ZZ Pretzel Cookies
From: Half Baked Harvest
- 1 1/2 cups warm water
- 2 tablespoons light brown sugar
- 1 package active dry yeast (2 1/4 teaspoons)
- 1/2 cup (1 stick) unsalted butter, melted
- 1 1/2 teaspoons sea salt or kosher salt
- 4 1/2 to 5 cups all-purpose flour
- 1 egg, beaten
- course sea salt, for sprinkling
- 2 1/2 cups all-purpose flour
- 1 teaspoon baking soda
- 1/2 teaspoon salt
- 1 cup (2 sticks) salted butter, softened
- 1/2 cup granulated sugar
- 1 cup packed brown sugar
- 3 teaspoon vanilla extract
- 2 eggs
- 2 cups semi-sweet chocolate chips
Preparation time 125mins
Cooking time 140mins
Adapted from halfbakedharvest.com
To make the pretzel dough, combine the water, sugar, yeast, and butter in the bowl of a stand mixer and mix with the dough hook until combined. Let sit for 5 minutes. Add the salt and 4 1/2 cups flour to the mixture and mix on low speed until combined. Increase the speed to medium and continue kneading until the dough is smooth and begins to pull away from the side of the bowl, about 3 to 4 minutes. If the dough appears too wet, add additional flour, 1 tablespoon at a time. Remove the dough from the bowl, place on a flat surface and knead into a ball with your hands. Coat a large bowl with canola oil, add the dough and turn to coat with the oil. Cover with a clean towel or plastic wrap and place in a warm spot until the dough doubles in size. This will take about 1 hour.
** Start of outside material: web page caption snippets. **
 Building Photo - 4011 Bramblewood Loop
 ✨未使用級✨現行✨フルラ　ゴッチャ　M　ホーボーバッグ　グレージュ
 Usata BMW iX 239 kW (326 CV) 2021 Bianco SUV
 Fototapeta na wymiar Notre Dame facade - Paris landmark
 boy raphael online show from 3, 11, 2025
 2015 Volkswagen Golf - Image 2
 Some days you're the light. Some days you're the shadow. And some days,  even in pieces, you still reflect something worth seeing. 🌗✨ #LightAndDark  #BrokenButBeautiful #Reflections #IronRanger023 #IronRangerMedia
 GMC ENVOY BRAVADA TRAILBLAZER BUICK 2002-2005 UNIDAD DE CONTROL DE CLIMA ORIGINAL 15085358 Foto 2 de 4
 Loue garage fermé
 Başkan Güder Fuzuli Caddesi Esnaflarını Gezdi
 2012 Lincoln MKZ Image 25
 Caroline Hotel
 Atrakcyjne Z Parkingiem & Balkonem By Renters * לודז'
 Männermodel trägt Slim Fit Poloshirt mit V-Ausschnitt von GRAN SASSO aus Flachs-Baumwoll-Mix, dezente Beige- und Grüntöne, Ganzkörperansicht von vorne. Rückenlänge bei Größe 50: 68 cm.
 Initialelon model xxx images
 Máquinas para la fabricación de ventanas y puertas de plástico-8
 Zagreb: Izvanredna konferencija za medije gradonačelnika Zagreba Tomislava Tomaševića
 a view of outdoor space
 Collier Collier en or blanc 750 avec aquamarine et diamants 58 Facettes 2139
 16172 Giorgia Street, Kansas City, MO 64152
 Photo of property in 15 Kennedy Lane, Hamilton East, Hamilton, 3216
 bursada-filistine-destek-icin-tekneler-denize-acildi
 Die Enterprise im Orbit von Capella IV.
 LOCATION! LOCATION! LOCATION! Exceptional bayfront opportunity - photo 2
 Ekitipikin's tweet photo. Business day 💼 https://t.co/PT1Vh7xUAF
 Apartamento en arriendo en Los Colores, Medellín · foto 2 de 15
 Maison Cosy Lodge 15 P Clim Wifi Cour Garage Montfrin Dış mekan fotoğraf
About 10 minutes before you're ready to roll out the pretzel dough make the cookie dough. Combine the flour, baking soda and salt in a small bowl. Beat the butter, granulated sugar, brown sugar and vanilla extract in large mixer bowl until creamy, about 3 to 5 minutes. Add the eggs and beat well. Gradually beat in the flour mixture. Stir in the chocolate chips. Preheat the oven to 425 degrees F.
Divide the pretzel dough into 8 equal balls and roll each out into a rectangle (about 11x3 inches). Spread a little cookie dough along the length of each piece. Starting with the opposite side, roll the dough up into a log, enclosing the toppings inside. Pinch the seams together and then very gently roll the dough with your hands to form an even cylinder and fully enclose the filling. It is ok if some of the chocolate chips peak through, but try to avoid any large tears in the dough. Take the two ends of each rope and form into a circle that is overlapped by a couple of inches of dough on either side, twist the ends and lay over the opposite side to form a pretzel shape. Press the ends under the pretzel to seal.
Grab a bowl and fill it with warm water and 2 teaspoons baking soda. Dunk each pretzel in water and then place on a parchment lined baking sheet (no more than four pretzels per sheet). Brush the tops with the beaten egg wash and season liberally with sea salt. Bake for 15 to 18 minutes or until pretzels are very lightly golden and the cookies that have oozed out are golden. I started checking mine after 10 minutes, turned the pan and baked them another 6-8 minutes. You do not want to over cook the pretzels.
Tip: I found these very hard to make. I would suggest taking cookie dough, forming it into a ball, flatten slightly, and wrap pretzel dough around the cookie. I would also use a thin layer of pretzel dough as it becomes way too doughy. To finish roll in cinnamon sugar as an addition to the salt.